The infinite in analysis and geometry
Some, though not all, systems of analytical geometry contain ‘infinite’ elements, the line at infinity, the circular points at infinity, and so on. The object of this brief note is to point out that these concepts are in no way dependent upon the analytical doctrine of limits.
In what may be called ‘common Cartesian geometry’, a point is a pair of real numbers \((x, y)\). A line is the class of points which satisfy a linear relation \(ax + by + c=0\), in which \(a\) and \(b\) are not both zero. There are no infinite elements, and two lines may have no point in common.
In a system of real homogeneous geometry a point is a class of triads of real numbers \((x, y, z)\), not all zero, triads being classed together when their constituents are proportional. A line is a class of points which satisfy a linear relation \(ax + by + cz = 0\), where \(a\), \(b\), \(c\) are not all zero. In some systems one point or line is on exactly the same footing as another. In others certain ‘special’ points and lines are regarded as peculiarly distinguished, and it is on the relations of other elements to these special elements that emphasis is laid. Thus, in what may be called ‘real homogeneous Cartesian geometry’, those points are special for which \(z = 0\), and there is one special line, viz. the line \(z = 0\). This special line is called ‘the line at infinity’.
This is not a treatise on geometry, and there is no occasion to develop the matter in detail. The point of importance is this. The infinite of analysis is a ‘limiting’ and not an ‘actual’ infinite. The symbol ‘\(\infty\)’ has, throughout this book, been regarded as an ‘incomplete symbol’, a symbol to which no independent meaning has been attached, though one has been attached to certain phrases containing it. But the infinite of geometry is an actual and not a limiting infinite. The ‘line at infinity’ is a line in precisely the same sense in which other lines are lines.
It is possible to set up a correlation between ‘homogeneous’ and ‘common’ Cartesian geometry in which all elements of the first system, the special elements excepted, have correlates in the second. The line \(ax + by + cz = 0\), for example, corresponds to the line \(ax + by + c = 0\).
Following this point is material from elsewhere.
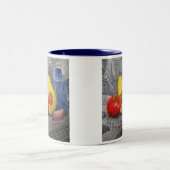 スチルライフマグ ツートーンマグカップ (中央)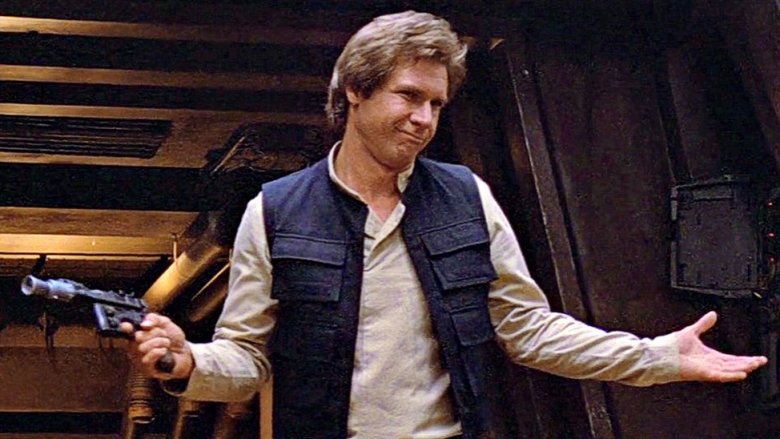 Harrison Ford as Han Solo in Star Wars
Every point of the first line has a correlate on the second, except one, viz. the point for which \(z = 0\). When \((x, y, z)\) varies on the first line, in such a manner as to tend in the limit to the special point for which \(z = 0\), the corresponding point on the second line varies so that its distance from the origin tends to infinity. This correlation is historically important, for it is from it that the vocabulary of the subject has been derived, and it is often useful for purposes of illustration. It is however no more than an illustration, and no rational account of the geometrical infinite can be based upon it. The confusion about these matters so prevalent among students arises from the fact that, in the commonly used text books of analytical geometry, the illustration is taken for the reality.